For recovering from a human error — a mis-run migration, an accidental deletion of a team's zone, a compromised admin account — the procedure is the same, but the WAL replay target is a specific timestamp instead of "latest":

wal-g backup-fetch LATEST /var/lib/postgresql/data
wal-g wal-fetch --until "2026-04-20 14:31:00+00" /var/lib/postgresql/data

After restore, verify the intent chain, then notify affected teams that any work committed after the target timestamp has been rolled back. In practice, this is rare — the intent log makes it easy to identify and reverse a single bad change without a full PITR.

Backup storage security

Backups are as sensitive as the primary store. Treat them as such:

  • Encrypt at rest with a KMS key separate from the primary fragment key. Compromise of the primary key must not compromise the backups.
  • Restrict access — the IAM principal that runs the snapshot job has write-only access; restore requires a separate, MFA-gated principal.
  • Cross-region replicate backups to a second region, with strict write-once semantics (S3 Object Lock, or equivalent).
  • Air-gap a copy if your threat model includes insider risk at the cloud provider; rotate it monthly.

The recovery drill

A drill is a full recovery into a scratch environment, on a scheduled cadence, with the result recorded in the intent log.
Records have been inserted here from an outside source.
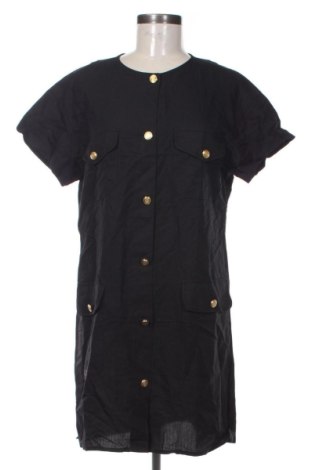 Rochie Genny, Mărime L, Culoare Negru, Preț 554,99 Lei, #136649799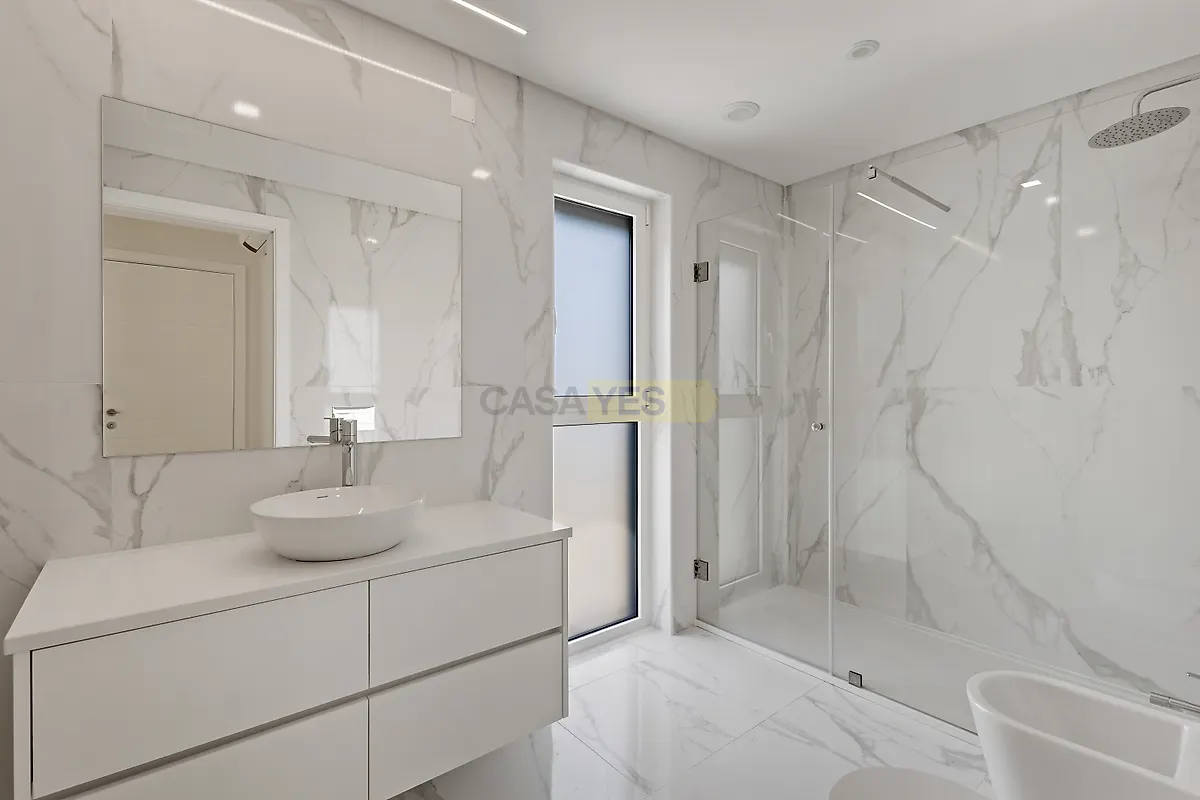 Apartamento T4 à venda em Torres Vedras (São Pedro, Santiago, Santa Maria do Castelo e São Miguel) e Matacães, Torres Vedras — foto 20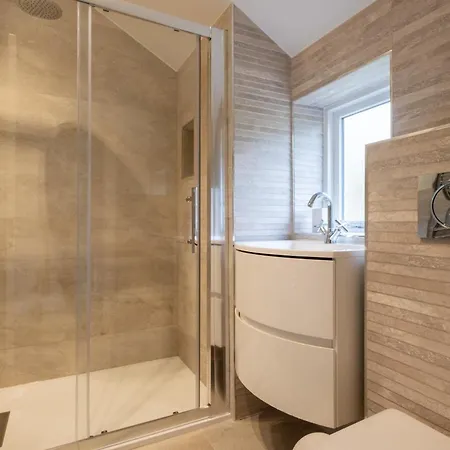 Goody Raise Prázdninový dům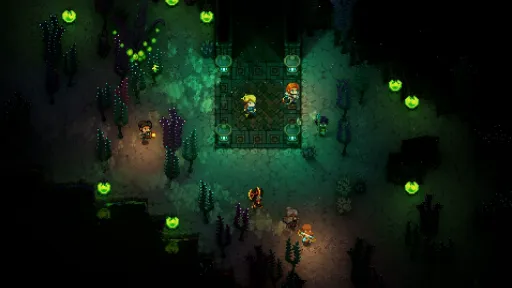 Core Keeper screenshot 13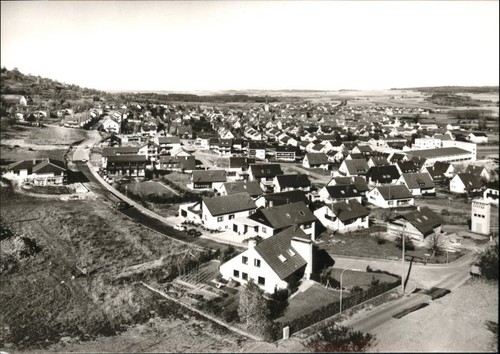 Merklingen - ,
aura-mothership recovery-drill \
  --snapshot s3://aura-backups-prod/snapshots/nightly-20260420.tar \
  --target scratch-namespace-4218 \
  --log-result

The drill stands up a temporary Mothership, restores into it, runs chain verification, runs a standard set of synthetic peer operations, and records pass/fail as a signed intent record. Auditors love this artifact because it proves recovery was actually exercised, not merely documented.

Recommended cadence:

  • Weekly: snapshot verify (no restore).
  • Monthly: partial restore into scratch environment.
  • Quarterly: full DR drill with timed RTO, result logged.
  • Annually: cross-region failover exercise if you operate multi-region.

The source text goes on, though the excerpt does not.